The original file is clean (no noise) and the playback on editing mode is also normal except from lag-generated noises. The audio peak meter is always below -6, mostly below -10. I tried the default YouTube settings, activating and de-activating both parallel processing and hardware encoder. I am always using aac audio codec and, for rate control, I’ve tried average, constant, and quality-based VBR.

Here is a Dropbox link for the test problem: https://www.dropbox.com/sh/gssvj5ddudryxk5/AAD3ryPJoQK_Mx5lIPv1oln2a?dl=0

Any help would be much appreciated!
Thanks a lot,
Alberto

I did not hear a problem when playing your test.mp4 in my Safari browser on macOS, but it can be difficult to hear artifacts listening to guitar with distortion.
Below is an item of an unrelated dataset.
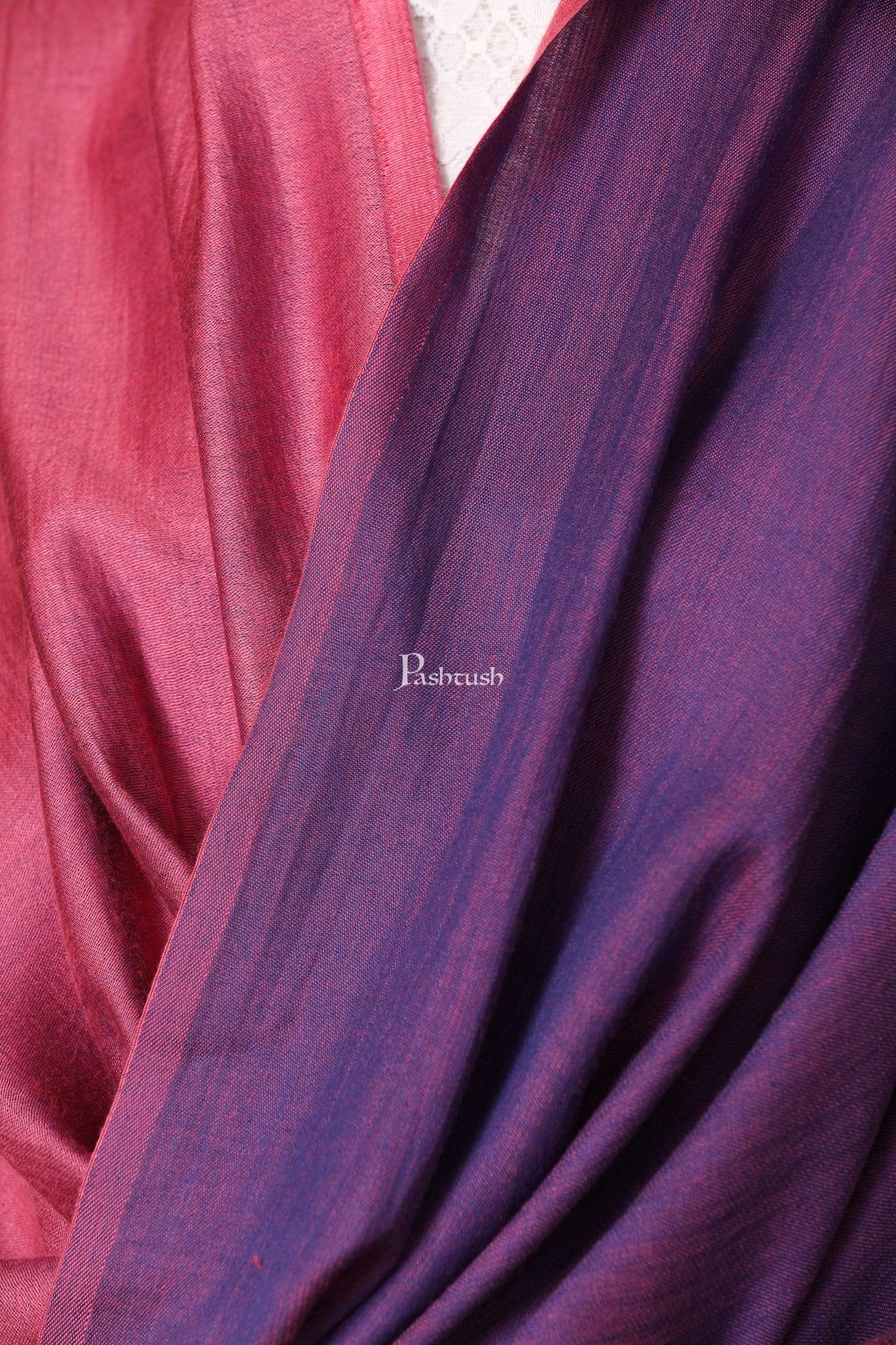 Pashtush Womens Silky Bamboo Reversible Scarf, Stoles, Lavender And Blush - Image 2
Also, I do not have great hearing. In the recent past I have made tests where I generate a sine.wav in Shotcut (or Audacity), use that in Shotcut, export that as wav or mp3, and view the waveform in Audacity. If you export from Shotcut as WAV do you still hear it?

I just repeated a sine.WAV test using your project. I generated a stereo 48 Khz Sine.wav using Audacity, opened your project in Shotcut, replaced the clip on the timeline with my Sine.wav, exported using the YouTube preset with parallel processing and hardware encoder turned off, opened the newly exported test.mp4 in Audacity. The sound is funny with a chorus-like (?) effect, and the wavform looks much different compared to the original (on top):

image544×782 21.9 KB

If I export to WAV, it does not do that; it is just like the original. I zoomed in further to see the curvature of the wave, and visually inspected all 30 seconds by paging down and found no artifacts in the form of breaks in the curves.
Next, I tried YouTube preset again but with a different audio codec - ac3 -in MP4. It does not exhibit this effect, and neither do I see any visual breaks in the waveform. I suspect this may be this is a side effect of the sort of lossy compression in the AAC encoder. So, I exported with MP3 preset, and it does not do it either. Maybe this is how AAC is bad or just this FFmpeg AAC encoder or this FFmeg version. Next, I opened the MP4 with ac3 in Handbrake, and tested its MP4 with AAC output, and it is very similar to Shotcut. I do not think this is the same problem you are reporting, but it seems the AAC codec is problematic in this manner of test.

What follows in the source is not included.